I'm currently learning modal logic. It's turning out to be awesome. I'm hoping, sometime (oh, in the next hundred years or so) to be able to use it to formalise the possible worlds view of interactive systems which I've been informally mincing about with for the last 6 years or so. The basic idea of modal logic is that a modal formula is a little automaton that can wander about in a structure of worlds which are mutually accessible through various relations, taking on different values at different worlds. Different access relations between worlds induce different kinds of structural properties on the space of worlds (or contexts, states, instants or points, depending on how you want to construe the relata).

Any kind of labelled transition system can be talked about modally, but so can many other things, such as time. A simple example: defining two modalities F and P (future and past) plus their respective duals G and H) such that F and P are inverses means that theorems such as

p -> GPp


and

p -> HFp


are universally true of such systems. (Respectively: if something is true now then at all future times it will have been true in the past; if something is true now, then at all past times it was going to be true in the future.) Temporal modal logic is obviously relevant to interaction [Pnu92], but modality in general seems to offer a nice framework for thinking about lots and lots of things: state, control, and dynamic scoping, to mention some existing applications, but also incremental computation, transactional concurrency, declarative concurrency, mobile code; the list goes on. And on.

That's the theory side of things, for now. On the practical front, I'm trying to understand monads and monad transformers well enough to implement a backtracking interpreter in Haskell that addresses the famously poor interaction between a normal-order or lazy reduction strategy and function caching or memoisation. The problem is simple: to be any good as an incrementalisation technique, memoisation needs to know the values of arguments to functions up front. But normal-order reduction defers the evaluation of arguments until they're needed. A prima facie conflict of interests.

I have a vague notion of a solution, an idea gleaned from Avi Pfeffer's work on IBAL [Pfe06], but much more investigation is required.

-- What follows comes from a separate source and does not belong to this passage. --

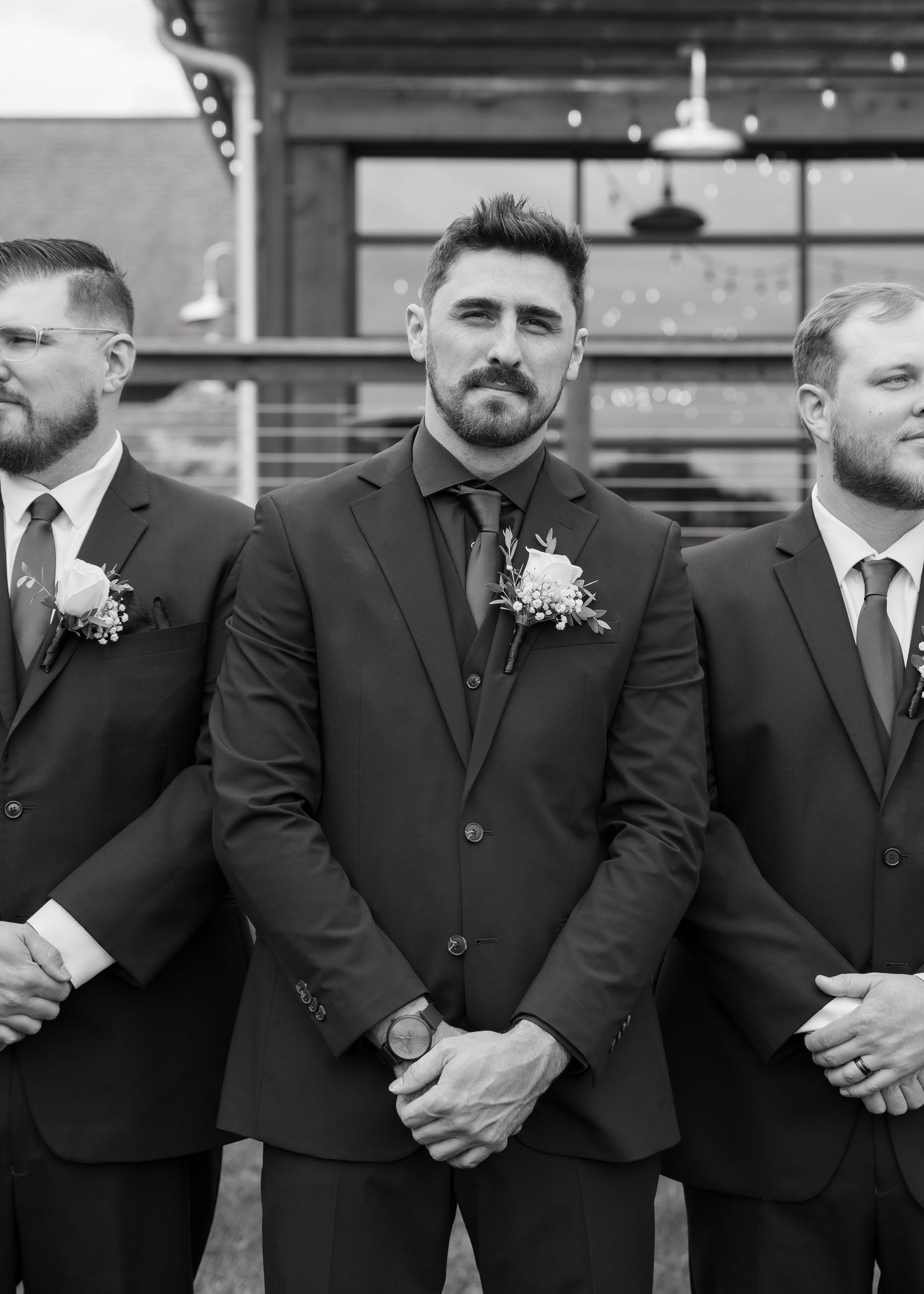A line of groomsmen in black suits with white boutonnieres stand together at a formal wedding event.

The nice thing about implementing the interpreter using monads is that it should transfer easily into a modal language, as it turns out monads themselves are closely related to modal logic [Kob97][Pfe01].

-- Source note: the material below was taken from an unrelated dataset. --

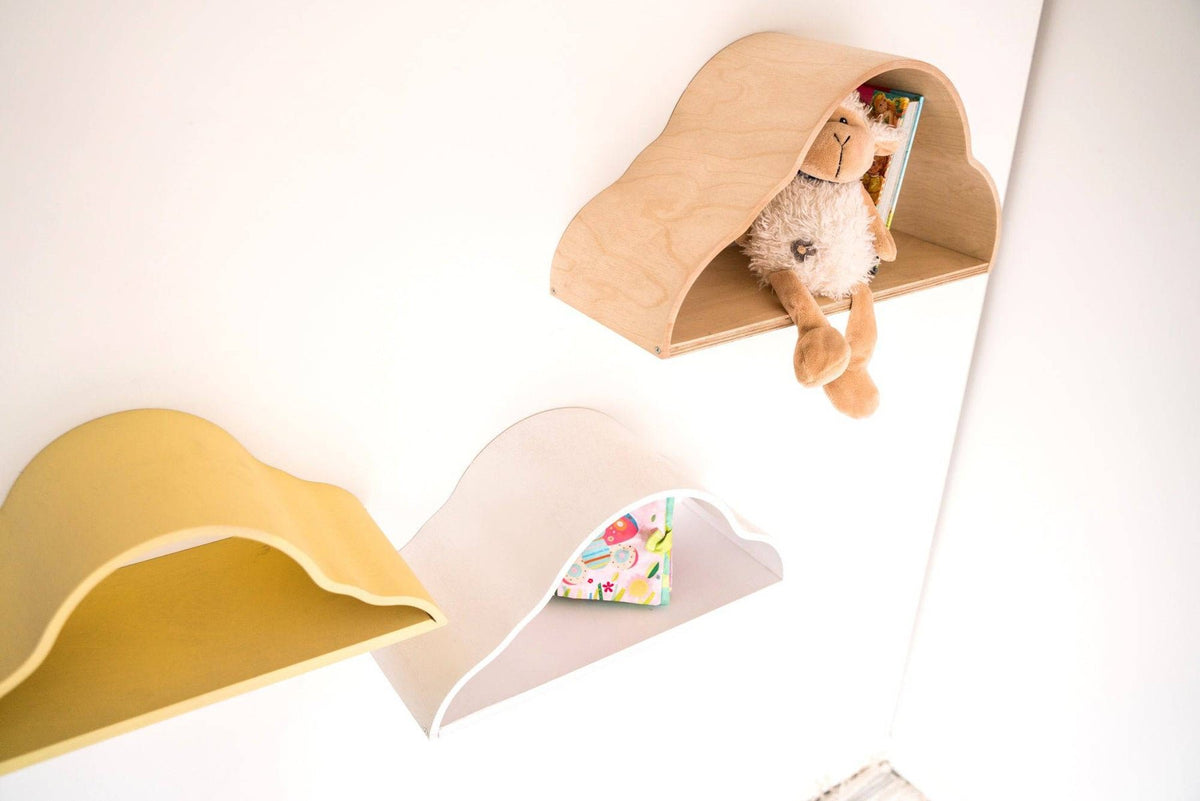 1. Three cloud-shaped floating shelves in white, yellow, and natural wood colors on a wall, holding a stuffed toy and a book, in a child's room.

(Actually call-by-need - the technique usually used to implement call-by-name - uses something like memoisation to avoid evaluating arguments more than once. But call-by-need is still a just-in-time evaluation strategy. What I'm looking for is something with the useful termination characteristics of call-by-name, for unneeded arguments, but the eagerness, for needed arguments, of call-by-value, without requiring a full global strictness analysis.)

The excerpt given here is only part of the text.